=== Begin Enclosure ===
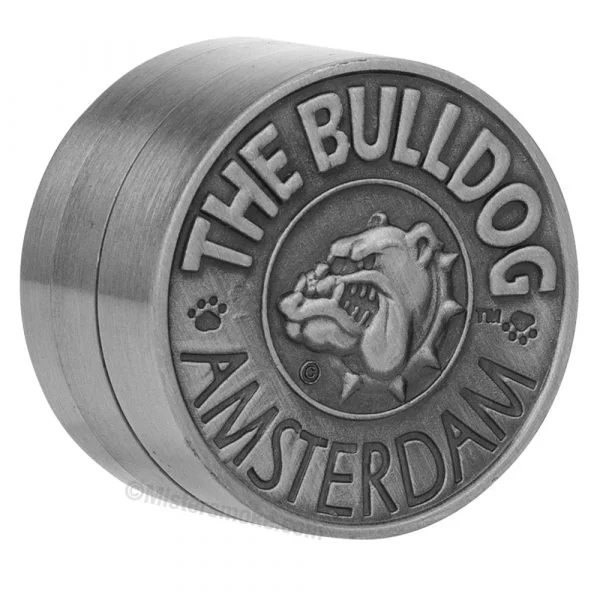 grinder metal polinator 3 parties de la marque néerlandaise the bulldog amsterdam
=== End Enclosure ===
=== Begin Enclosure ===
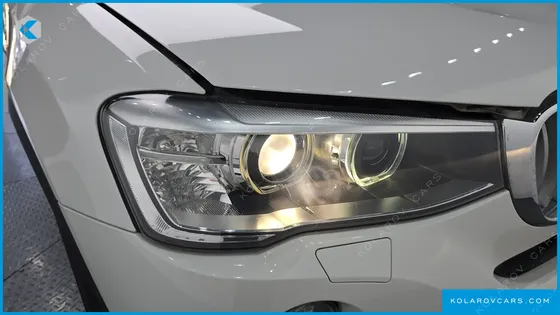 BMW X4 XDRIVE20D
=== End Enclosure ===
=== Begin Enclosure ===
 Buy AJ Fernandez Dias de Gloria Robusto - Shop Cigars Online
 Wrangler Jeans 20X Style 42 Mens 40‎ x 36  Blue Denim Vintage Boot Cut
=== End Enclosure ===
▶ _TASK REQUIREMENTS_: Above are some records; copy exactly the lines from the one with "Buy AJ Fernandez" through the one with "Wrangler Jeans 20X Style", both included, and no others.

▶ _FINAL ANSWER_:
 Buy AJ Fernandez Dias de Gloria Robusto - Shop Cigars Online
 Wrangler Jeans 20X Style 42 Mens 40‎ x 36  Blue Denim Vintage Boot Cut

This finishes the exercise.